At the GTC Keynote Nvidia has announced its next generation GPU and Cuda architecture - Fermi (G300). The Californians concentrated on flexible usability and high workload of the 512 Shader ALUs - DirectX 11 was only an aside.
High-Level Diagram of the G300/Fermi [Source: view picture gallery]
The architecture of the G300 is code-named Fermi and features about 3 billion transistors, 512 ALUs, up to 6 GiByte GDDR5 RAM and a 384-bit memory interface. Nvidia has not anything revealed about clock rates yet - therefore all details about capability are meant by clock which does not necessarily show the performance ratio of the final products to its predecessors.
With the Fermi architecture Nvidia more and more focuses on GPU computing and also uses those terms in their presentation. The former texture units turned into Load/Store units, the shader ALUs (which Nvidia formerly called stream processors) are Cuda core or Cuda processors now. Certainly chips basing on the Fermi architecture will be DirectX 11-compatible but Nvidia doesn't talk about that much.
Specifications: G300 Fermi
Fermi Streaming Multiprocessor orSIMD [Source: view picture gallery]

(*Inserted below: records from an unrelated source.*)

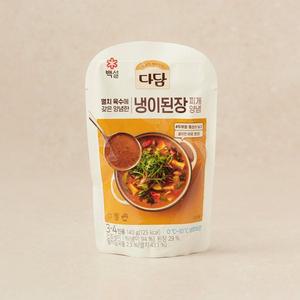 다담 냉이 된장찌개양념 140g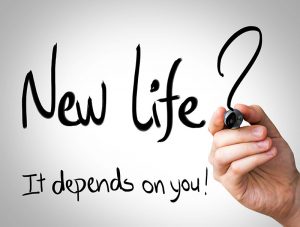 New Life? It Depends on You Written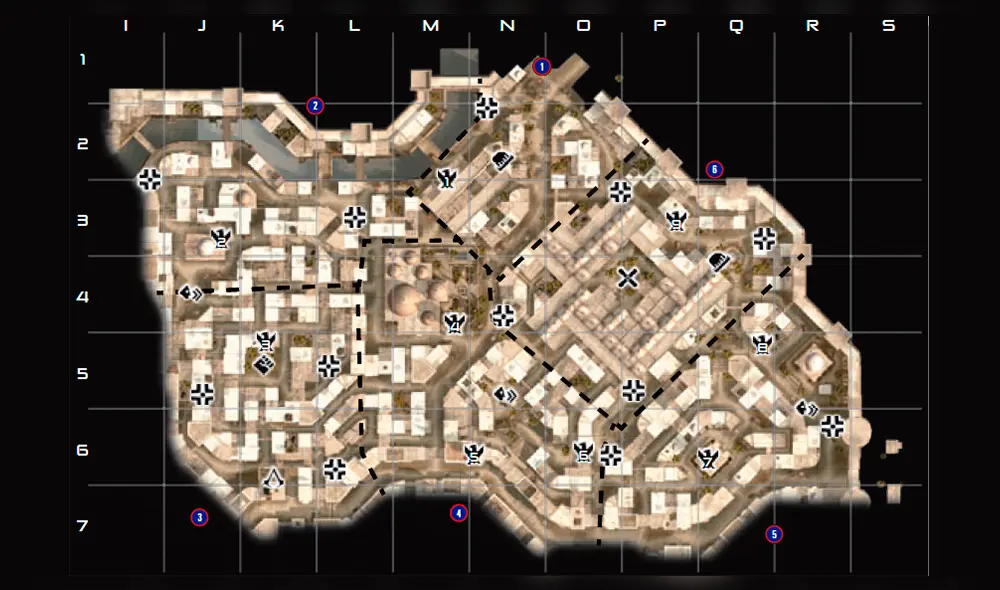 Assassin’s Creed: Todos los mapas comparados en tamaño [FOTOS]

A total of 512 Cuda cores will be on the G300 chip, organized in 16 SIMD units. So every SIMD has 32 ALUs which share the 16 loading and memory units (LS units, ex-TMUs). Up to now Nvidia has not revealed details about the capabilities of the LS units. The presented specifications have not given hints about the power of texture filtering yet. Values between 4 and 16 texture filters per SIMD could be possible.
Special Function Units (SFUs) execute transcendental instructions such as sin, cosine, reciprocal and square root. Each SFU executes one instruction per thread, per clock; a warp executes over eight clocks. The SFU pipeline works independently from the dispatch unit, allowing the dispatch unit to issue to other execution units while the SFU is occupied.

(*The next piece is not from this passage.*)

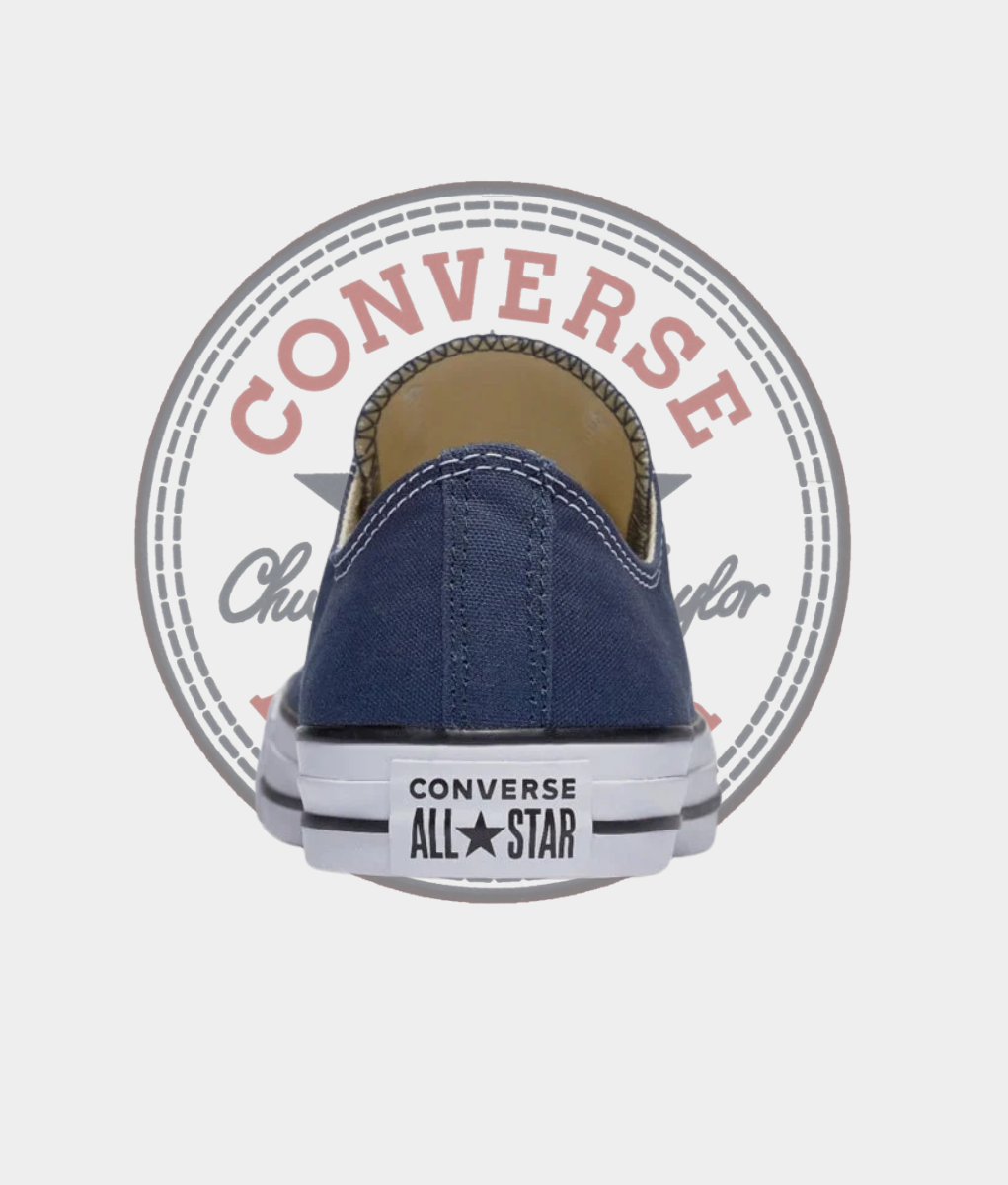 Converse Chuck Taylor All Star Classic Low Top – Navy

Double precision arithmetic has been improved as well. It does not only fulfill the IEEE 754-2008 floating-point standard (formerly IEEE 754-1985 was used) with the more precise FMA (Fused Multiply-Add, which AMD offers with the HD 5800 series and Nvidia with the GT200 only for DP), but also the DP output increases by factor 8 compared with the GT200 (per clock cycle!). Every SIMD (called Streaming Multiprocessor) can execute 16 FMA operations and 256 per chip respectively - the GT200 was only capable of 30 DP-MADs.
The SIMDs thread in groups of 32 parallel threads called warps. Each SIMD has two warp schedulers and two instruction dispatch units, allowing two warps to be issued and executed concurrently. Every warp scheduler activates either a group of sixteen cores, sixteen load/store units or four SFUs. Since the warps work independently, Fermi's scheduler does not need to check for dependencies from within the instruction stream.
Fermi Cache and RAM
Speeds & Feeds [Source: view picture gallery]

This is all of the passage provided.